In the mid-1960s, The Moody Blues released a series of experimental concept albums that defined psychedelic art rock. For their sixth album the group needed a new batch of songs that could be performed live more easily, so they sought to streamline their sound and get “back to basics” on 1970’s A Question of Balance. But “back to basics” is a relative term for The Moodies, who the year before had released a concept album about the moon landing called To Our Children’s Children’s Children. Considering that Children’s was the latest in a series that had started with the classic Days of Future Passed (1967), it was unlikely that the band would somehow pivot to Let It Bleed overnight.
But A Question of Balance was nonetheless a radical departure for The Moody Blues, and it is a deeply satisfying listening experience that focuses on top-notch songwriting and tight performances. The patented studio psychedelia of The Moodies and producer Tony Clarke is certainly present but considerably restrained, adding the perfect amount of depth and color to enhance the band’s performances without overpowering them. Lyrically the album continues to explore dramatic territory, with all five band members offering rich social commentary about the plight of mankind and the universe. Many of these themes are frighteningly relevant 47 years later, but there are also glimmers of hope and a good amount of soul-searching and introspection.
The album kicks off with “Question,” a magnificent Justin Hayward composition that veers from pounding rocker to tender ballad and back again. With a driving rhythm track — astonishingly nailed by the band in a single take — and a soaring orchestral arrangement, this song has become one of The Moodies’ most popular tunes and sets the tone for the album as a whole: epic and grand in its scope, but also efficient and engaging. Tracks like “Tortoise and the Hare,” “Dawning Is The Day,” and “Don’t You Feel Small” are steered by a tough Moodies rhythm section fueled by the orchestral/mellotron wind in their sails.

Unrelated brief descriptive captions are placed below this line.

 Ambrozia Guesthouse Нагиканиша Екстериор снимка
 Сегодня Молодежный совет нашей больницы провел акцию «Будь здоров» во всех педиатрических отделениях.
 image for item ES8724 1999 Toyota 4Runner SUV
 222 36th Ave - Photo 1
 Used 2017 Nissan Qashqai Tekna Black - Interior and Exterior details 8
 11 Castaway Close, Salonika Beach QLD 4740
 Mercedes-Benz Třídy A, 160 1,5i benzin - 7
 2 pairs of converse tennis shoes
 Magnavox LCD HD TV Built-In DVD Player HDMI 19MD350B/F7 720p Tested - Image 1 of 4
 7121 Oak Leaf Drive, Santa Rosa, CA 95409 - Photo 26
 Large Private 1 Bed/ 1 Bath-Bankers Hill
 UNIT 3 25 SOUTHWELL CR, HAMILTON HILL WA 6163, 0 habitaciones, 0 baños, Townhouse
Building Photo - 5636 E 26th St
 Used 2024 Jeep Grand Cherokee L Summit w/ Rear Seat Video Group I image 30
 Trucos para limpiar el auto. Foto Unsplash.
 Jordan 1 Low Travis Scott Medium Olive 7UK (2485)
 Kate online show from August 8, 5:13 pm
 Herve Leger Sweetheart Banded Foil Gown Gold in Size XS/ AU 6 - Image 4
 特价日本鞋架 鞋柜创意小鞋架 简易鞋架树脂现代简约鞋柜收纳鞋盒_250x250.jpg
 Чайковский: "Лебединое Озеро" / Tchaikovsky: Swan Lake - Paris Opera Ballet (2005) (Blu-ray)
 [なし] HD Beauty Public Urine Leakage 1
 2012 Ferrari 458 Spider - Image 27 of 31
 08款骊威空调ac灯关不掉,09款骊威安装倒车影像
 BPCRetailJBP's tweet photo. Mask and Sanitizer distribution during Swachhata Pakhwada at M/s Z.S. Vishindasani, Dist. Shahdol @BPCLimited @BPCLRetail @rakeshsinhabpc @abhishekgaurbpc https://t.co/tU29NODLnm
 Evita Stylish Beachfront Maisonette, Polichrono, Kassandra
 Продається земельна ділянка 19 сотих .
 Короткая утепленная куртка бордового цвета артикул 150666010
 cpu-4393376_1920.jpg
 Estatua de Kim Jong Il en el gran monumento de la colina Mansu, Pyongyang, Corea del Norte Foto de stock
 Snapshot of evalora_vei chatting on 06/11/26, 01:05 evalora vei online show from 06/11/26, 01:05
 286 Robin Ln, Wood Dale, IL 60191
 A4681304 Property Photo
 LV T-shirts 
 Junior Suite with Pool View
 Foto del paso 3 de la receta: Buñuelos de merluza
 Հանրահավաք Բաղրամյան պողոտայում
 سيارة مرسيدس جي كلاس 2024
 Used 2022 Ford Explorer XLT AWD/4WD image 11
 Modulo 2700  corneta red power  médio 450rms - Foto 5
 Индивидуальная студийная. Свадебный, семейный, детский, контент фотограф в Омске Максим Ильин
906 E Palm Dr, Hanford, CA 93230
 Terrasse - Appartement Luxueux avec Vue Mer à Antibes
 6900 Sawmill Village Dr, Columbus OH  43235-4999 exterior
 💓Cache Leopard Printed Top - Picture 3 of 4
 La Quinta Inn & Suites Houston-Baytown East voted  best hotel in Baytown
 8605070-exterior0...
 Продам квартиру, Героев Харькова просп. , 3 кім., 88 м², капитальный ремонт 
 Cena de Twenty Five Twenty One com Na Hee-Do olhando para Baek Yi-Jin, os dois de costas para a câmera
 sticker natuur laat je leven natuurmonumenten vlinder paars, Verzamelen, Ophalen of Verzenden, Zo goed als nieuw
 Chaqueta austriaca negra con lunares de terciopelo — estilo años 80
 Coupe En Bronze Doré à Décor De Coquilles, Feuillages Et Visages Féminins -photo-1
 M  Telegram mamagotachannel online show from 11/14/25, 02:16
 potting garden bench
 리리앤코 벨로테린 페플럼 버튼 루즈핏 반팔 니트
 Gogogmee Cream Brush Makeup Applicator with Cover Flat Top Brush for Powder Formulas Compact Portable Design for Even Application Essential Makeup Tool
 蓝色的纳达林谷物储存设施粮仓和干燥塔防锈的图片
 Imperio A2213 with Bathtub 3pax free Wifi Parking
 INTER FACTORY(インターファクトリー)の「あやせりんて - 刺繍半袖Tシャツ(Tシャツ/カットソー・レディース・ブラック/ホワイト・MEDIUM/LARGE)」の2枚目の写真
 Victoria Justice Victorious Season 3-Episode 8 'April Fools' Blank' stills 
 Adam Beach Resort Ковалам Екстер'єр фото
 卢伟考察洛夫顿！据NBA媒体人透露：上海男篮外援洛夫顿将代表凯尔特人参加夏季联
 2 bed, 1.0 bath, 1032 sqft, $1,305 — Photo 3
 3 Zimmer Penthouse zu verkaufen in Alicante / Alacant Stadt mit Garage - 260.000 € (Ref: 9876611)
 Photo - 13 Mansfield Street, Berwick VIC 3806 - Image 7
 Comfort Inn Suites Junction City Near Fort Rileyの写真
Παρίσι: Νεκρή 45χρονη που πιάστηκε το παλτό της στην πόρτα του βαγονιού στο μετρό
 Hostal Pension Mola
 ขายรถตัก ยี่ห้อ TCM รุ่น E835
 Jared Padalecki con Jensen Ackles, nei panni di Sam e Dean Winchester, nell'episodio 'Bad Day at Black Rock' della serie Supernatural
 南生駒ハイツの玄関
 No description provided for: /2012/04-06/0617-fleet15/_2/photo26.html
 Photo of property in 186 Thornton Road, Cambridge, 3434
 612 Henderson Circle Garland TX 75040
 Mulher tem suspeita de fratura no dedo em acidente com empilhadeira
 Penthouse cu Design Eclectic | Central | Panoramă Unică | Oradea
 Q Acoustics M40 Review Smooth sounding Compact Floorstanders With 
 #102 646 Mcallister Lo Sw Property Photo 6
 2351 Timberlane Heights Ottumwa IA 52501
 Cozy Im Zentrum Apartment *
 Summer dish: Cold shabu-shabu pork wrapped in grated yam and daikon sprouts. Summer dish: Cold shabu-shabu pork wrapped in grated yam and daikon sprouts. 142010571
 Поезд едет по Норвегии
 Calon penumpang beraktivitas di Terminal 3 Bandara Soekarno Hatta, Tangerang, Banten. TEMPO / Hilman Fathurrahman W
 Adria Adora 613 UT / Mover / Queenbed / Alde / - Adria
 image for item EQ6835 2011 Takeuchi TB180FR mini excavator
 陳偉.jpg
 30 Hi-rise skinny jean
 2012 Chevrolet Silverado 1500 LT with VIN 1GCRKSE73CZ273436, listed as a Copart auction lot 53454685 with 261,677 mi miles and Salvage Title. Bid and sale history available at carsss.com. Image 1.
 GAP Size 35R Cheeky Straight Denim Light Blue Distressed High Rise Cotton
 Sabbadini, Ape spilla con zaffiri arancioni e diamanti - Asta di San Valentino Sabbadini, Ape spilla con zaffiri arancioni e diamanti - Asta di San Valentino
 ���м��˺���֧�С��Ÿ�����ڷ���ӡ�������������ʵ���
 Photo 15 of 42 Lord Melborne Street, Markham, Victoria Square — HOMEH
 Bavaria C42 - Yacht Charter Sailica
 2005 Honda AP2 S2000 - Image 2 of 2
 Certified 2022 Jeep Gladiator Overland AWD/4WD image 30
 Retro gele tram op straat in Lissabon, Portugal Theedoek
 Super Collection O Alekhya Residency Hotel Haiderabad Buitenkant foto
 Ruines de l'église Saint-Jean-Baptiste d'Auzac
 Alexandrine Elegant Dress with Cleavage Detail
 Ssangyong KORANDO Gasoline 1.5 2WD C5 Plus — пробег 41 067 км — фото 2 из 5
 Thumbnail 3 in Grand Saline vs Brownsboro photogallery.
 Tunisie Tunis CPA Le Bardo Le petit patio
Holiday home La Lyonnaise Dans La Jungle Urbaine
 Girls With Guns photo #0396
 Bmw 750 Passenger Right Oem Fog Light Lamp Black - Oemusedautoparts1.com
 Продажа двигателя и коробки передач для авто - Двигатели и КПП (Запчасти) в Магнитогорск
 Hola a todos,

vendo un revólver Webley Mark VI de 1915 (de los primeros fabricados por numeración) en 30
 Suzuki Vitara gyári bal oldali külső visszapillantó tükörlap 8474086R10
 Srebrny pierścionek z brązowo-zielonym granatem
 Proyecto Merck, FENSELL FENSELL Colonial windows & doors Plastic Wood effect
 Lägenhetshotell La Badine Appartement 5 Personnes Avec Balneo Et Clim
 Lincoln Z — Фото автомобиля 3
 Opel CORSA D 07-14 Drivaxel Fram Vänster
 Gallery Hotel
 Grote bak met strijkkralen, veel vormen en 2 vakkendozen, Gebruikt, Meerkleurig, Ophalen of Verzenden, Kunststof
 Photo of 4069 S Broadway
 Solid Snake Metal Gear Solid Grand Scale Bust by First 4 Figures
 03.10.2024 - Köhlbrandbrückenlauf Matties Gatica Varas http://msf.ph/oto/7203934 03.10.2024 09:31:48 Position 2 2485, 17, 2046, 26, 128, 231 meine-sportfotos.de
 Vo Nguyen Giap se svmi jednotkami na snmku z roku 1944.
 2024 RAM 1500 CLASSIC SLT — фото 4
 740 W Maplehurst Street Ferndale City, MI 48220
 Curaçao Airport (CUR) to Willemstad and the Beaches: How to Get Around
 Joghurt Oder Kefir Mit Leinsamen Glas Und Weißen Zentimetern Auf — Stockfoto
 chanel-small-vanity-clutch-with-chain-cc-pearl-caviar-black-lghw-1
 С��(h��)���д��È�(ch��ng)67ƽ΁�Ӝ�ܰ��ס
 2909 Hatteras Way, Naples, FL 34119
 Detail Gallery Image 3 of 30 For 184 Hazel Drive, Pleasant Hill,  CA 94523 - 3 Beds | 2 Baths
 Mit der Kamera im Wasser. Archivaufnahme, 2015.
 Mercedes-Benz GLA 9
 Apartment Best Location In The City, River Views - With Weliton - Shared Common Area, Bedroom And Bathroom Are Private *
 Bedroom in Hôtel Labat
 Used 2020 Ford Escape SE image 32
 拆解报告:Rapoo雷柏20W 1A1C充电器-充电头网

“Balance” is indeed the key word for this album. Although many of the lyrics present a darker view of humanity (“Will they save us in the end, we’re trembling on the brink…” and “Look at progress, then count the cost, we’ll spoil the seas with the rivers we’ve lost…,” etc.), The Moodies are still grasping for sunny ‘60s optimism (“Everywhere love is all around…,” “I’m looking for a miracle in my life…”). The last two songs on AQOB perhaps demonstrate this dichotomy the best. “Melancholy Man” is a slow-building dirge about a “life caught up in misery,” drenched in dark reverb and punctuated by thick synthesizers. But it is immediately followed by the album’s emotional closer, “The Balance,” which features a spoken narration about a man finding inner peace through compassion. The poetry is inspiring and never pretentious, and the entire piece is surprisingly moving.
Though the band were already highly regarded by fans and critics alike, A Question of Balance nevertheless proved to be a turning point for The Moody Blues as they went on to become one of the premiere live acts of their generation. They also continued their ambitious recording career (apart from a brief hiatus in the mid ’70s) that has allowed them to become, in hindsight, an important bridge between the early ‘60s beat-group-with-vocal-harmonies sound (Beatles/Hollies/Zombies) and the heady, textural soundscapes of Pink Floyd. This year The Moody Blues are touring to celebrate the 50th anniversary of Days of Future Passed, the landmark LP that put them on the map. But in many ways, AQOB was their true game-changer.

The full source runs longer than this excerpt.